For this task you will need the following libraries:
 - [TensorFlow](https://www.tensorflow.org) — an open-source software library for Machine Intelligence.
 
In this assignment, we use Tensorflow 1.15.0. You can install it with pip:

    !pip install tensorflow==1.15.0
     
 - [scikit-learn](http://scikit-learn.org/stable/index.html) — a tool for data mining and data analysis.
 
If you have never worked with TensorFlow, you will probably want to read some tutorials during your work on this assignment, e.g. [Neural Machine Translation](https://www.tensorflow.org/tutorials/seq2seq) tutorial deals with very similar task and can explain some concepts to you. 

In [1]:
try:
    import google.colab
    IN_COLAB = True
except:
    IN_COLAB = False

if IN_COLAB:
    ! wget https://raw.githubusercontent.com/hse-aml/natural-language-processing/master/setup_google_colab.py -O setup_google_colab.py
    import setup_google_colab
    setup_google_colab.setup_week4()

### Data

One benefit of this task is that you don't need to download any data — you will generate it on your own! We will use two operators (addition and subtraction) and work with positive integer numbers in some range. Here are examples of correct inputs and outputs:

    Input: '1+2'
    Output: '3'
    
    Input: '0-99'
    Output: '-99'

*Note, that there are no spaces between operators and operands.*


Now you need to implement the function *generate_equations*, which will be used to generate the data.

In [2]:
import random

In [3]:
def generate_equations(allowed_operators, dataset_size, min_value, max_value):
    """Generates pairs of equations and solutions to them.
    
       Each equation has a form of two integers with an operator in between.
       Each solution is an integer with the result of the operaion.
    
        allowed_operators: list of strings, allowed operators.
        dataset_size: an integer, number of equations to be generated.
        min_value: an integer, min value of each operand.
        max_value: an integer, max value of each operand.
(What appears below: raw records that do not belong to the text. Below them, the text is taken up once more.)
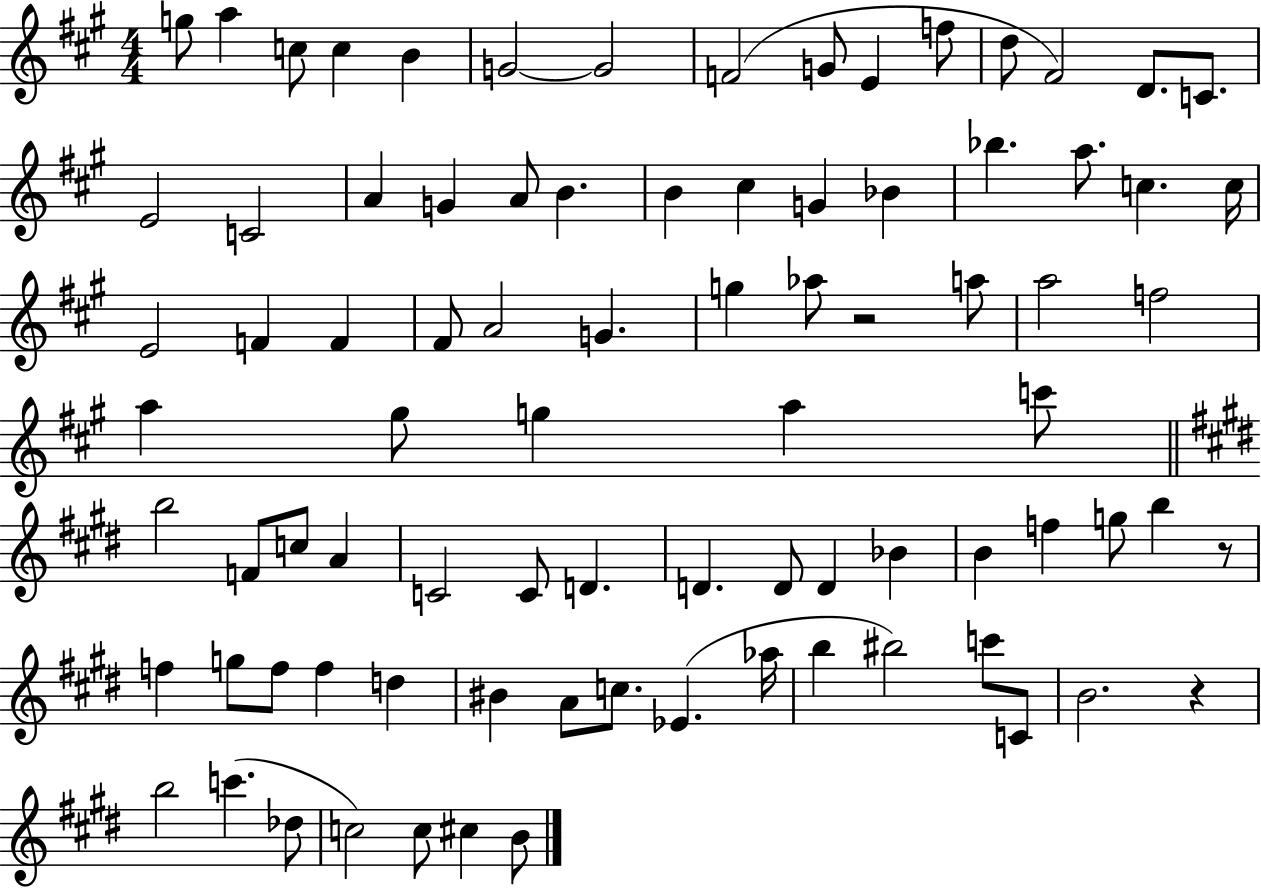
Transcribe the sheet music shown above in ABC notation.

X:1
T:Untitled
M:4/4
L:1/4
K:A
g/2 a c/2 c B G2 G2 F2 G/2 E f/2 d/2 ^F2 D/2 C/2 E2 C2 A G A/2 B B ^c G _B _b a/2 c c/4 E2 F F ^F/2 A2 G g _a/2 z2 a/2 a2 f2 a ^g/2 g a c'/2 b2 F/2 c/2 A C2 C/2 D D D/2 D _B B f g/2 b z/2 f g/2 f/2 f d ^B A/2 c/2 _E _a/4 b ^b2 c'/2 C/2 B2 z b2 c' _d/2 c2 c/2 ^c B/2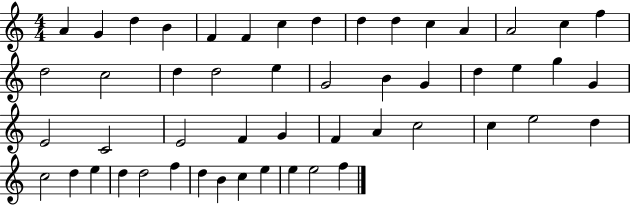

        result: a list of tuples of strings (equation, solution).
    """
    sample = []
    op1s = random.choices(range(min_value, max_value), k=dataset_size)
    op2s = random.choices(range(min_value, max_value), k=dataset_size)
    for x, y in zip(op1s, op2s):
        operator = random.choice(allowed_operators)
        question = str(x)+operator+str(y)
        sample.append((question, str(eval(question))))
    return sample

To check the correctness of your implementation, use *test_generate_equations* function:

In [4]:
def test_generate_equations():
    allowed_operators = ['+', '-']
    dataset_size = 10
    for (input_, output_) in generate_equations(allowed_operators, dataset_size, 0, 100):
        if not (type(input_) is str and type(output_) is str):
            return "Both parts should be strings."
        if eval(input_) != int(output_):
            return "The (equation: {!r}, solution: {!r}) pair is incorrect.".format(input_, output_)
    return "Tests passed."

In [5]:
print(test_generate_equations())

Tests passed.


Finally, we are ready to generate the train and test data for the neural network:

In [6]:
from sklearn.model_selection import train_test_split

In [7]:
allowed_operators = ['+', '-']
dataset_size = 100000
data = generate_equations(allowed_operators, dataset_size, min_value=0, max_value=9999)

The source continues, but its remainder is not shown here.